Une « réfugiée mentale », un manuscrit comme
lien avec les racines et un lit retrouvé aux Puces
Abla est architecte et vient se réfugier en France avec dans ses bagages un vieux manuscrit du XVII ème siècle (11 ème siècle musulman) de son aïeul Si Kebir Belhamlaoui. Ce manuscrit va devenir un vrai personnage de ce roman profond, plein de sensibilité et qui va au plus près des sentiments des déracinés. Un autre personnage sera le lit Ottoman dans lequel elle dormait, au-dessus du Rhummel à Constantine qu’elle « retrouve » aux puces de Saint Ouen comme si elle l’avait déménagé dans La Souika, la médina de Constantine, sa ville natale.
C’est par hasard, alors qu’elle voulait s’abriter de la pluie, qu’Abla entre dans cette boutique d’antiquaire où elle va faire la connaissance d’Ali-Alain, autre natif de Constantine et ami de Jacques, le patron des lieux. De cette rencontre naîtra une étrange histoire d’amour, torturée qui va réveiller les origines d’Ali alors lancé dans l’aventure des élections municipales.
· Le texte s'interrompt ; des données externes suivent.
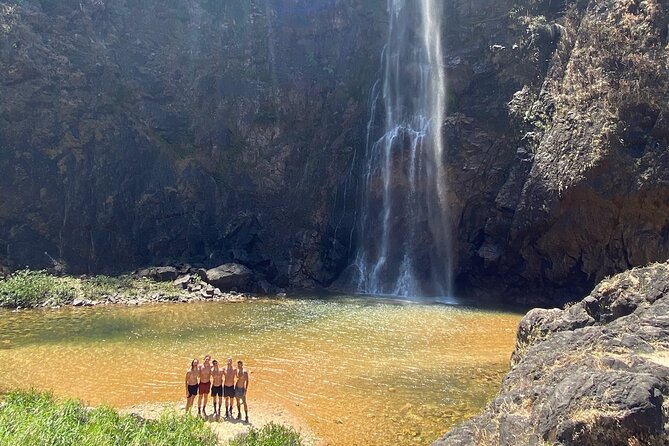Mismaloya Waterfalls and Mountain Hike. Full-Day tour - Natural ponds for swimming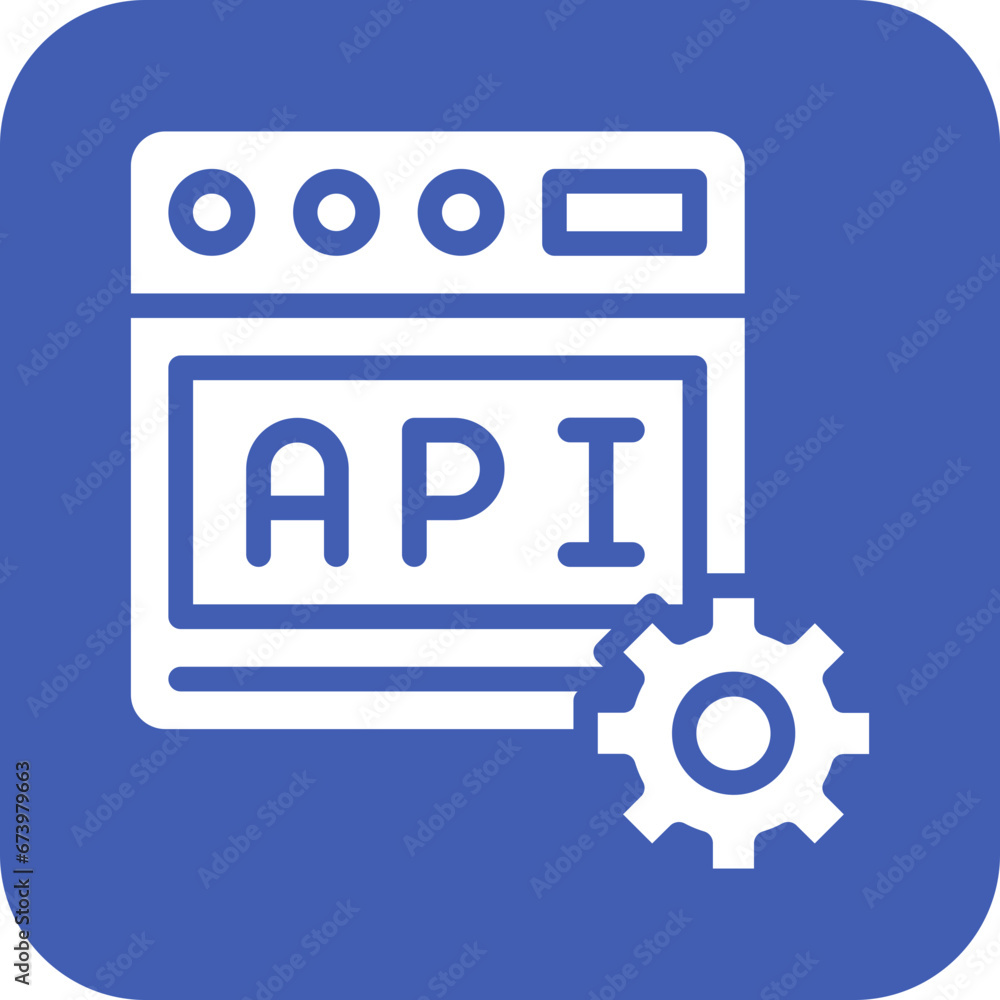 Web API Icon Web API Icon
Abla vit dans un foyer de l’Armée du Salut, le Palais deb la Femme, non loin de la station de métro tristement célèbre, Charonne et psalmodie souvent des versets appris par cœur, dans sa jeunesse : « Allahouma Ô mon Dieu, bénis la parenté… Allahouma Ô mon Dieu, noie-moi… ». Ces prières reviennent tout au long du récit et soulignent le caractère tourmentée de la belle Abla. De quoi vit-elle ? Le lecteur ne le sait pas. Abla, en attendant ses papiers officiels, pense à vendre son précieux manuscrit légué par son grand-père, titulaire de la Légion d’Honneur. Elle va être mise en relation avec une experte de la BN et un commissaire priseur réputé intéressés par ce superbe objet décorés d’enluminures en couleur.
Abla n’a pas fuit l’Algérie sous la menace (c’est à l’époque de la décennie noire), elle a « fui la maladie de la mort, l’épidémie de meurtre, peut-être ai-je voulu me fuir moi-même… » « Considérez-moi comme une réfugiée mentale » dira-t-elle au fonctionnaire qui instruit son dossier à la préfecture pour sa carte de résidence et qui lui répondra que les textes n’ont pas prévu ce cas. C’est ainsi qu’existe Abla, en France. Elle est sans cesse reliée au passé, d’autant plus qu’elle retrouve ce lit et Alain et, en même temps le fui avec acharnement, dans des crises spectaculaires et totalement traumatisantes pour Ali qui l’aime profondément et à qui elle échappe sans cesse.
En fait, Abla n’échappe pas à ses racines, à son histoire, d’autant que ce manuscrit remonte à la nuit des origines. Manuscrit qu’elle n’arrive pas à quitter, comme si elle avait besoin de ce cordon ombilical « Ce manuscrit est une relique, des généalogies compliquées ont usé leurs yeux dessus, ont appris et répété des versets comme les anachorètes s’échinent sur les noms de Dieu jusqu’à l’évanouissement ; comme l’enfant répète son nom pour ne jamais l’oublier. » Finalement elle ne se séparera pas vraiment de ses origines : « Constantine est pour tous ses enfants la Ville des Villes, une cité métaphorique, une fiction de ponts et de mythes qui ne doit exister que dans le regard de ceux qui y sont nés, l’ont vue un jour et aimée »
Nourredine Saâdi nous offre là une très belle histoire, formidablement documentée avec des dialogues fondus dans le texte qui rendent cette œuvre vivante et très touchante, surtout pour une fils de… Constantine.